__Action item__: Would you copy out the following entries exactly, without any of the pictures?

========================

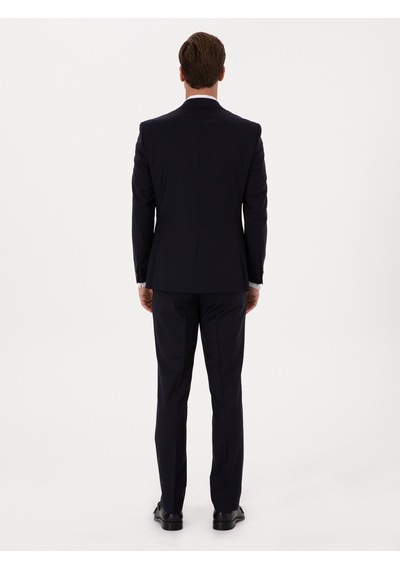 Cacharel Lacivert Slim Fit %100 Yün Mono Yaka Basic Takım Elbise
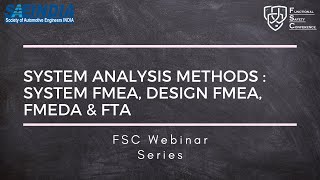 SAEINDIA FSC Webinar  Safety Analysis Methods FMEA FTA FMEDA [upl. by Ennovihs]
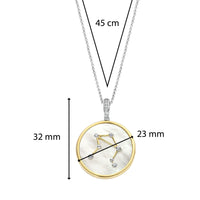 Ti Sento Yellow Gold Plated Mother of Pearl Cubic Zirconia Zodiac Libra Pendant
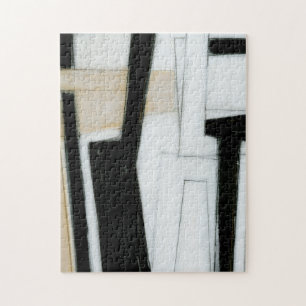 Abstrakte Schwarz-Weiß-Malerei Puzzle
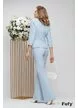 Compleu dama elegant baby blue sacou cu floare si mansete alb negru pantalon evazat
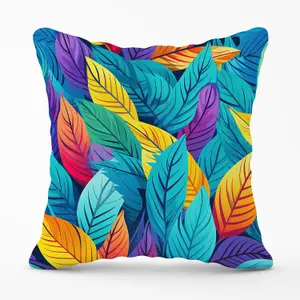 Bright Colourful Leaves Outdoor Cushion 45cm x 45cm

========================

__Solution to this task__:
 Cacharel Lacivert Slim Fit %100 Yün Mono Yaka Basic Takım Elbise
 SAEINDIA FSC Webinar  Safety Analysis Methods FMEA FTA FMEDA [upl. by Ennovihs]
 Ti Sento Yellow Gold Plated Mother of Pearl Cubic Zirconia Zodiac Libra Pendant
 Abstrakte Schwarz-Weiß-Malerei Puzzle
 Compleu dama elegant baby blue sacou cu floare si mansete alb negru pantalon evazat
 Bright Colourful Leaves Outdoor Cushion 45cm x 45cm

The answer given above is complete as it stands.